Kaplarını doldurduk, döşekli meyve sandıklarını bir kuytuya yerleştirdik, minderi kendi tüyleriyle kaplı bahçe koltuğunu da onlara bıraktık, kafalarını okşayıp evden ve kedilerden ayrıldık.



Sabaha karşı zihin gözüm onlara kaydı. Sarmaş dolaş yatan ufaklıklar, belki gece seferinden daha dönmemiş anne, açık renk postunda karanlıkta bir uzaylınınkiler gibi iyice koyularak öne çıkan gözleriyle gözdem Oğlan.. Duyguları olduğuna göre kedi yüreklerinden geçenleri hayal etmeye çalıştım.

Ardından, başlarına gelebilecekleri.

Güçlü bir rüzgar plastik koltuğu devirirdi, o vakit yerden yüksek bir tünekleri kalmazdı sözgelimi.

Buradan bir kaydırak gibi kaymaya başladım, kediler, insanlar; alemler arasında gidip gelmeye.

Gelip geçen türdeşlerinden yardım isteseler, devrilen koltuğu o çeviklikleri ve pati birliğiyle düzeltebilirlerdi.
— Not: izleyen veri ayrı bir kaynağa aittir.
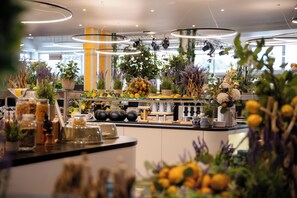 A modern kitchen with a central island, various kitchen appliances, and potted plants. - Hotel Egerkingen (Egerkingen)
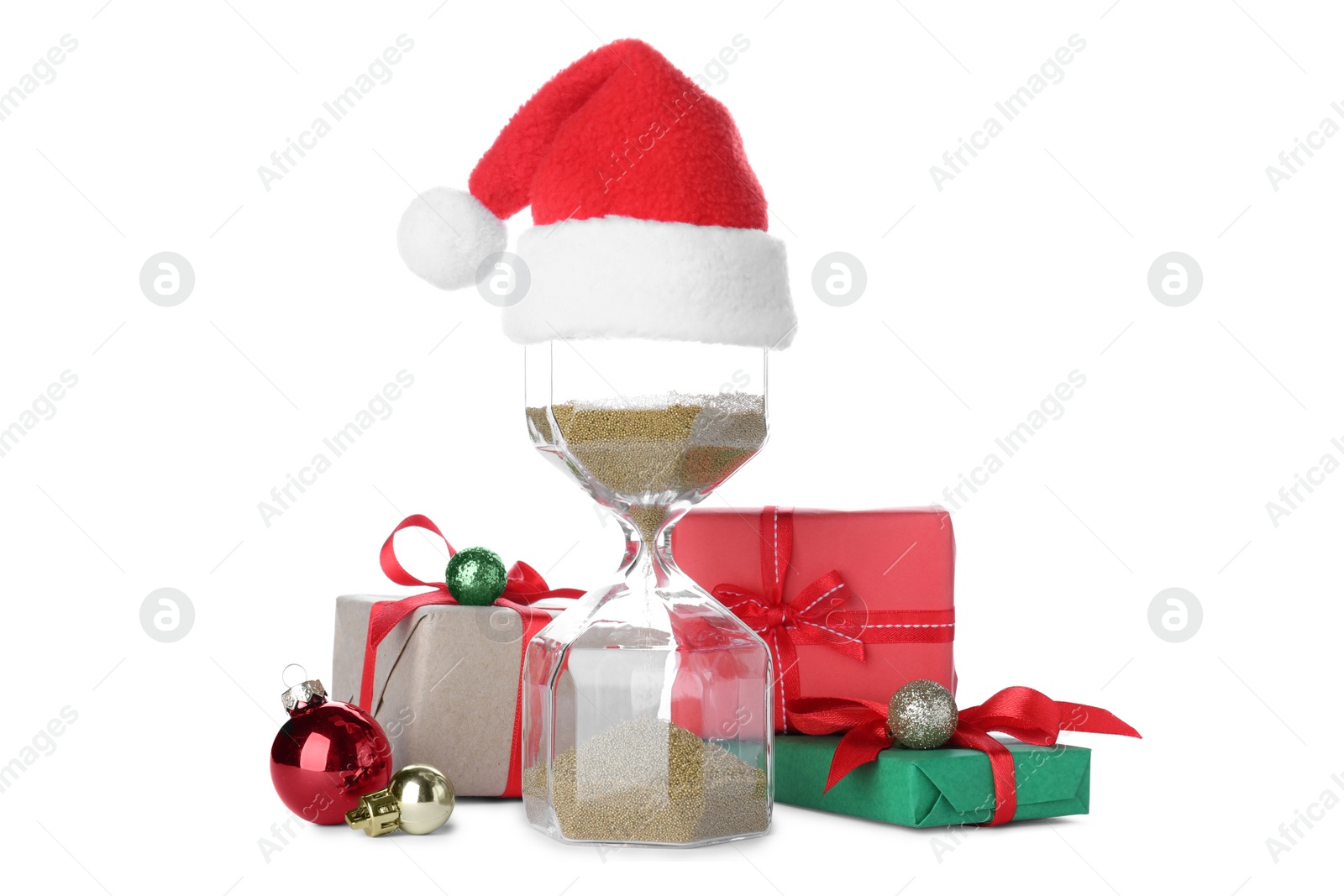 Photo of Hourglass with Santa hat and gifts on white background. Christmas countdown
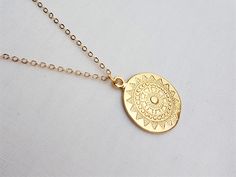 Sun medallion gold plated necklace. The sun charm is approx 2.5 cm high; all components of the necklace are gold plated. This minimal necklace can be worn layered or on its own. Model wears length 60cm. For other gold plated layering necklaces, see these listings: https://www.etsy.com/uk/shop/Kemeria?ref=seller-platform-mcnav&section_id=26436855 The necklace will be packaged in tissue paper and an organza bag. Minimal Necklace, Celestial Necklace, Gold Plated Necklace, Coin Pendant, Organza Bags, Layered Necklaces, Charm Necklace, Necklace Etsy, Gold Plate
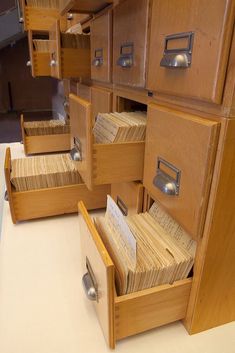 several filing cabinets with drawers and file folders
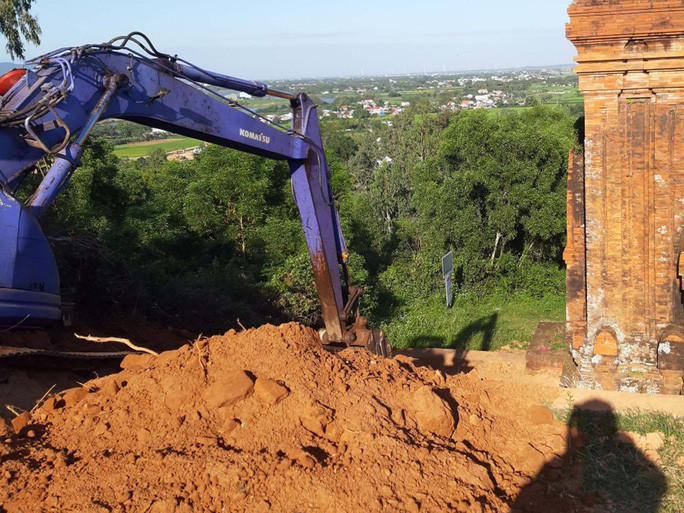 Đơn vị thi công đưa máy vào trong di tích tháp Bánh Ít để đào múc đất cạnh các tháp.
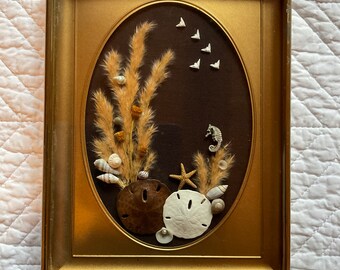 Vintage 70s shell art with dried floral flowers  framed wall hanging home decor 6 inch by 8”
Fiziksel olarak yapılabilir, kavramsal olarak ise sorun ve çözüm tasavvurunun gerektirdiği akılsal boyut ile imkansız.

Hadi diyelim bu değişikliğin –devrilen koltuk- bir sorun olduğunu, hatta çözümünün bulunabileceğini anladılar, Dünyanın bütün kedileri birleşiniz! çağrısına kaçı uyardı? Cevval sokak kedileri, sahiplerini hizmetkar kılan cins kediler, fare ile beslenenlerle vitamin takviyesi alan, dişleri düzenli bakımdan geçenler..

Aklın bir –ya da birkaç- üst basamağından, insanlığın cebelleştiği irili ufaklı sorunlar da devrildiği gibi kalacak o plastik koltuğun dengi olarak görünmez miydi? Fiziksel olarak çözümlenebilir, kavramsal olarak ise o boyutta kalındıkça imkansız.
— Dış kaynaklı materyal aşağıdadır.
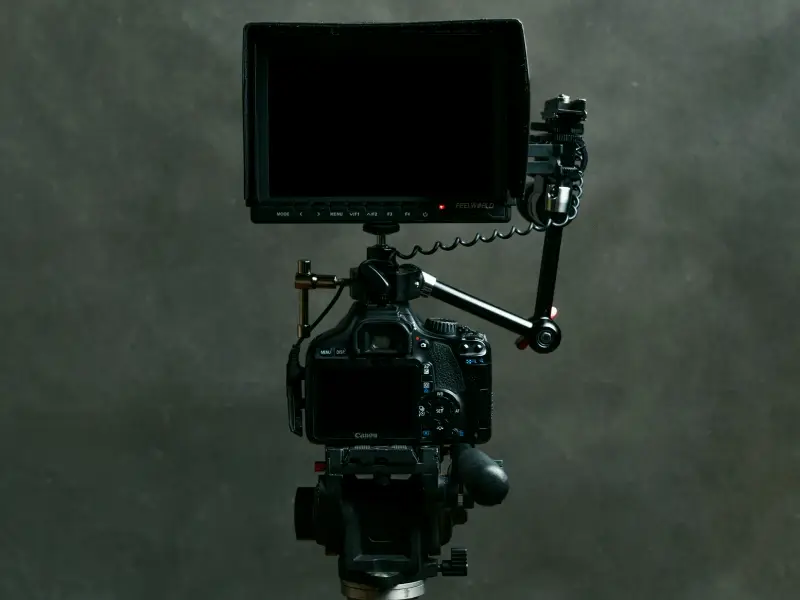 Camera on tripod with a monitor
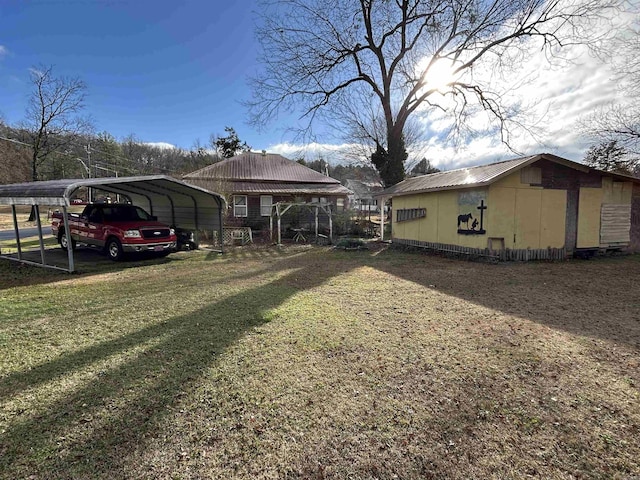 view of yard with a carport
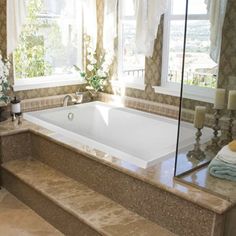 a bathroom with a large tub next to a sink and window in it's corner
Edwin Abbott 1800’lerin sonlarında yazdığı kitabında (Flatland -Düz Diyar) sakinlerinin iki boyutlu geometrik biçimler olduğu dümdüz bir alemi anlatıyor. Günlerden birinde bir geometrik biçime oradan gelenlerce üçüncü bir boyut keşfettiriliyor. Kahramanımız neden sonra ikna olup türdeşlerini de bildiklerinin ötesi olduğuna ikna etmeye çalışırken başına gelmedik kalmıyor –ama kendisi dördüncü bir boyutun kapısını da aralamış oluyor.

*
Eşiklerde kokumuzu almaya çalışıyorlar mıdır hâlâ?
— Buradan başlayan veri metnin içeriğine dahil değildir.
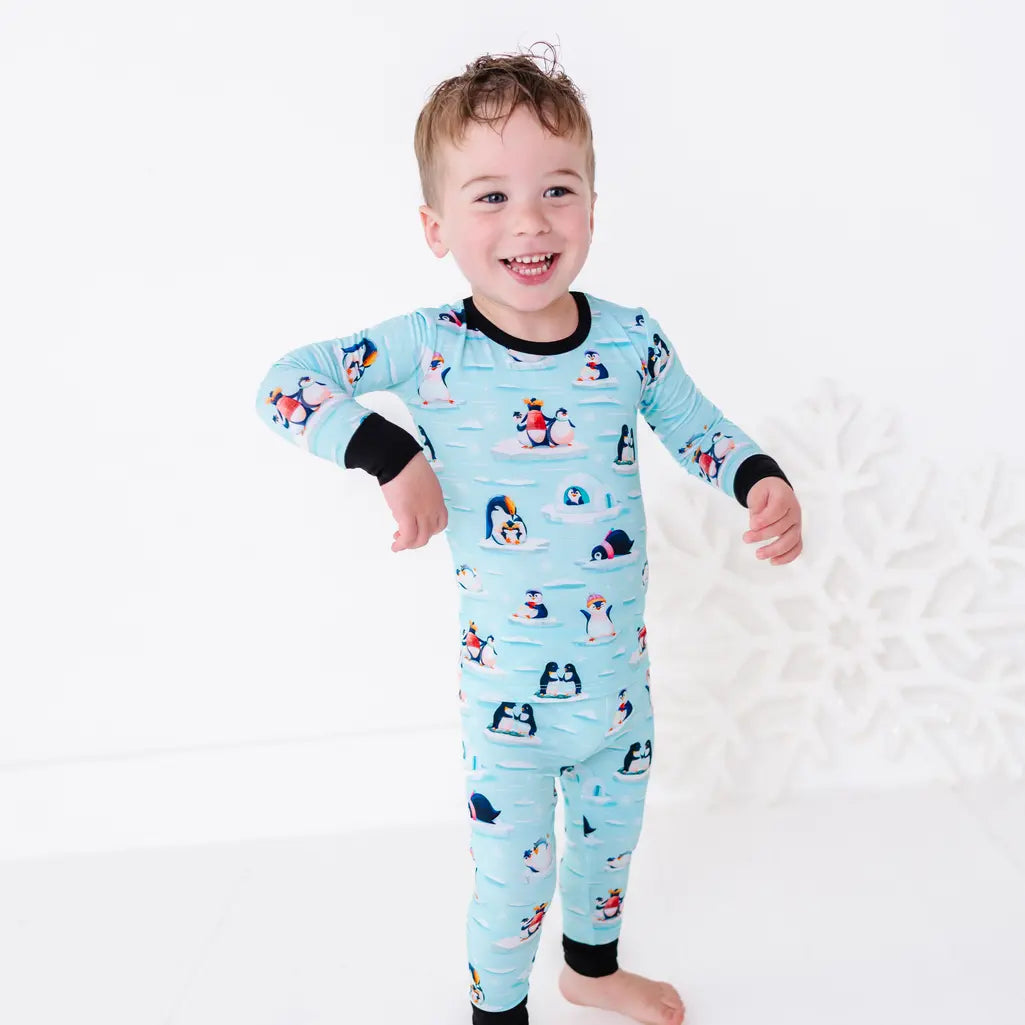 A smiling toddler standing barefoot with one arm swinging out, wearing a long sleeve pajama set with black cuffs in a light blue print of penguins playing on ice floes.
Her sabah yukarıdan inerek karınlarını doyuran, bazen de hepsini kovalayan kaprisli tanrıların nereye gittiğini sormazlar tabii herhalde ama demin vardı-şimdi yok karşıtlığı kafalarını karıştırmaya, bozulan düzenleri rahatsızlık vermeye devam ediyordur. Bir de koltuk devrilecekmiş, çok mu?